Next Business Step? Success

Creating a Road Map for the Future

The difference between a dream and a plan is that the first simply expresses a desire to be someone or to achieve something, while the second expresses a method for accomplishing the first. If you really want to achieve your dreams, you need a plan or a map that is going to show you how to get from here to there. A good road map for future growth needs to have the characteristics of specificity and realism, just like a good goal. It should also contain benchmarks to measure your progress and tools to measure how well you're doing.

Setting Benefits
An important part of any growth plan is establishing a way to tell when you have reached important points in the process. These mile markers can be composed of any number of benchmarks. Overall sales revenue is a common one.
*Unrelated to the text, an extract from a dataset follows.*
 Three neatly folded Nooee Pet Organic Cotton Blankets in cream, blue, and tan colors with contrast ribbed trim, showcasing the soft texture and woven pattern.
Many companies recognize the first year they topped $1 million, $5 million and $10 million in sales. Sales is an obvious, important, easily grasped benchmark. You can look at sales growth rates and overall sales volume as valuable benchmarks.

Sales, however, are not the only benchmark. You can also look at benchmarks for such critical variables as number of stores, number of customers and transaction volume. Many industries have benchmarks unique to them. For instance, air carriers think in terms of percentage of seats filled and revenue generated per mile flown. E-commerce businesses measure Web page views and time spent on each page. Your business may be concerned with even more esoteric benchmarks, such as percentage of repeat customers or average sale amount per customer.

Not all benchmarks have to do with growth. You can set benchmarks related to cost savings, error rates, employee turnover and many other aspects of your business. About the only characteristics all benchmarks share are that they should be significant, relevant and measurable.

Establishing Measurement Tools
One of the biggest differences between small companies and large ones is the amount of effort each devotes to measurement. Big firms are famous for generating mounds of reports containing measurements of all kinds of performance data. These reports describing what is happening in a company are handy for enterprises with thousands of employees that may be spread all over the globe but still need to be guided in the same direction.

If you're a one- or two-location venture and you've personally hired all the employees and see them every day, doing a lot of measurement and creating reports may seem like a waste of time. And it probably isn't necessary for small firms to spend as much energy tracking performance as it is for big companies. At the same time, most entrepreneurs go out of their way to avoid paperwork. More so than large company executives, entrepreneurs' decision-making is hamstrung by a lack of adequate information about their companies. Although their intuitive knowledge of their companies may be superior to the grasp exhibited by Fortune 500 CEOs, entrepreneurs could generally do a better job of gathering data about their companies. Entrepreneurs often lack enough data to be able to answer questions such as: What is my most profitable product? What are the traits of my best customers? Which types of promotions have the highest payback?

You will find your growth plan much easier to implement if-along with setting up financing, hiring and other functions to achieve it-you create measurement tools to tell you how you're doing along the way. These need not be overly complex. You need to decide the things that are most critical to achieving your growth objective and then find a way to measure them. If, for instance, competitive pricing is the main thing you feel will determine your fate in the marketplace, you could assign one employee to make a weekly or daily trip to an outlet where your products are sold alongside those of competitors, just to make sure you're not being undersold. It's easy to overdo measurement, spending valuable resources collecting data that isn't useful. But that doesn't mean all measurement is bad.

Revisiting Goals
The value of a goal lies in the way it provides you with a relatively steady, unblinking light toward which to steer in the fog of everyday business life. But that doesn't mean a goal should be as immovable as a lighthouse. You should periodically take a fresh look at your goals to see if they need to be changed or, perhaps, dumped. Changes in your personal situation, such as a desire to spend more time with family, may cause some goals to become irrelevant to your true desires. Of course, the best reason to scrap a goal is because it has been accomplished.

The last thing you need to know about goals is that they are just that-goals. They aren't preordained events that will occur whether or not you work toward them. In other words, just having a goal of reaching $10 million in sales doesn't mean you'll achieve it. Nor should the accomplishment of a goal be considered absolutely necessary to your personal well-being. Some goals are more important than others, but it's not wise to be so committed to a given goal that, if you don't achieve it or it's not all you hoped it would be, you'll be emotionally destroyed. Remember, as that great philosopher Yogi Berra also said, "The future ain't what it used to be."